In nature as well these epic themes are played out in the cycle of the seasons, as we – and our remote ancestors who were crucially attuned to these things – witness each year with the awakening of new life in the spring after its seasonal death in the cold soil of winter. Even in those desert places which have no temperate seasons, the dried husks of seeds can lie dormant in the hard sun-baked ground, sometimes for years, before an infrequent downpour awakens them to sudden life, and the desert blooms like a garden.
The act of resurrection is like a truth that is encoded into the matrix of life, and we respond to that truth when we encounter it in stories. For the Christian Gnostics, the events of the Biblical resurrection were not so much intended to be read as simple history, but as events which mirrored these great truths, which provided a kind of teaching aid to remind them of these profound lessons of life. And these lessons carried a deeper meaning than mere rebirth. Resurrection involves redemption: redemption of the inner self, a shedding of those things which might hinder the process of true spiritual resurrection.

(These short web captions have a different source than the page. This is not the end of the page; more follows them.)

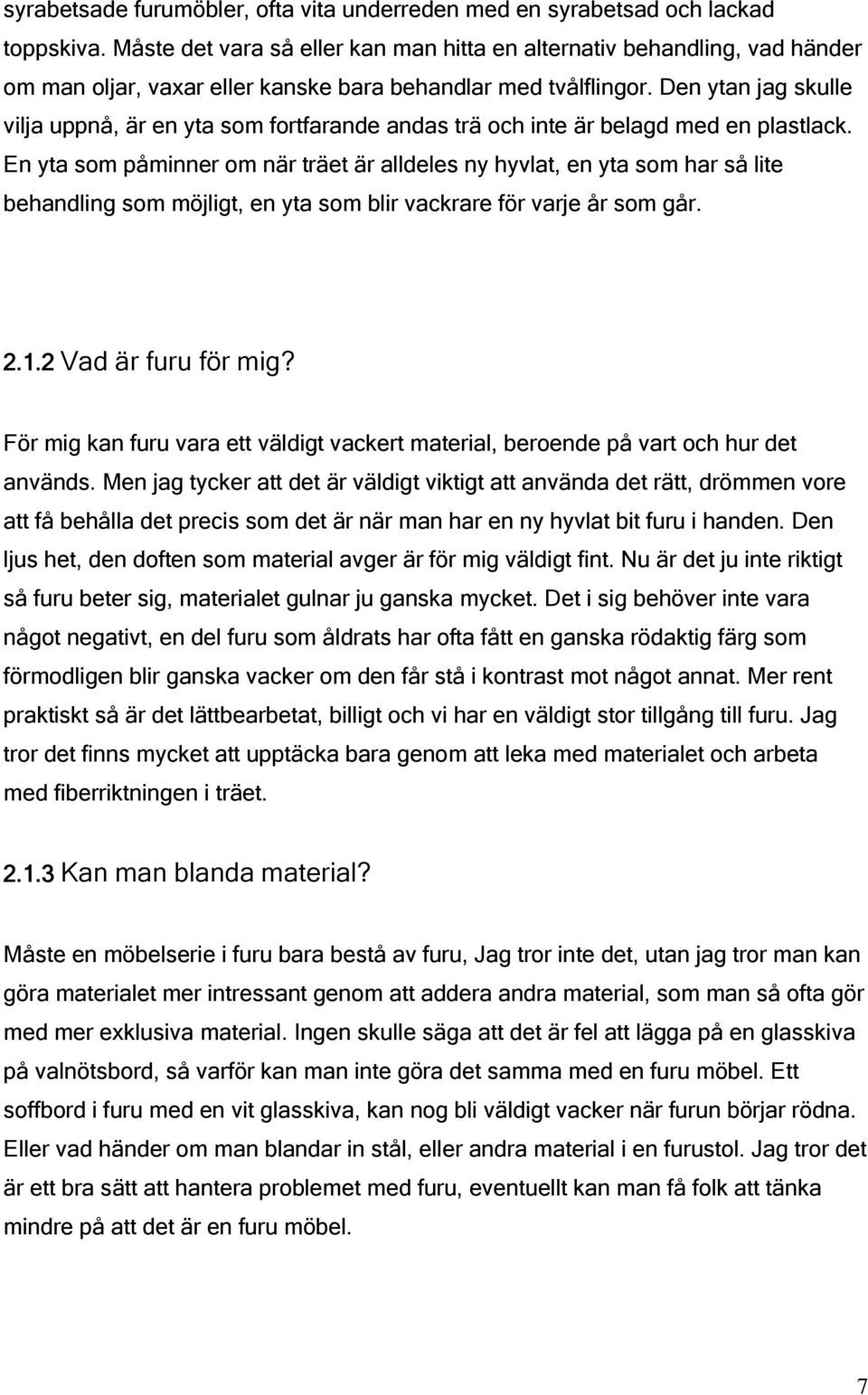Den ytan jag skulle vilja uppnå, är en yta som fortfarande andas trä och inte är belagd med en plastlack.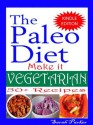 The Paleo Diet: Make it Vegetarian 50 Recipes - Sarah Parker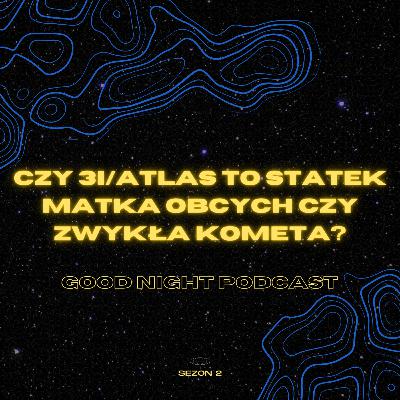 Czy 3I/Atlas to statek matka obcych czy zwykła kometa?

These could be a breaking through the ego which tricks us into thinking that our mortal selves are the only reality, or even just the letting-go of those ideas that prevent us from seeing such things in a clearer light.
The letting-go of all these things, of all preconceptions of what make our ‘reality’, is the path of resurrection. But to tread that path involves a process of inner ‘dying’ – not physical dying, but the death of those things which might be holding us back from reaching our true fulfilment as beings intimately connected with, and part of, the greater Mystery.

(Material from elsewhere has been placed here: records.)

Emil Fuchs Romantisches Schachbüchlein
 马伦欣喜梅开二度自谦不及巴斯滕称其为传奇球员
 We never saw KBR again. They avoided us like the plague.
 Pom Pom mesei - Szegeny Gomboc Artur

It is no coincidence that the Christian Easter takes place at the time of the year that originally was reserved for the celebration of this process in pre-Christian times, for Christianity layered itself on top of these old festivals, just as churches were often built upon the demolished foundations of pagan temples and other pre-Christian sacred sites. This as well gives an added potency to the Christian story, and the events of the Christian Easter, which unfold upon the greater stage of mythic drama which lies beyond the stage of historical narrative. Easter is the time of resurrection, and a person who takes part in that resurrection during his life, has conquered death.
This is the crown of the Christian Initiation Mystery. He who resurrects in a gnostic sense, has it in his power to work through joy, and to take part in the divine plan of creation. It is a grand perspective, and one which we can let ourselves be inspired by – and not only at Easter!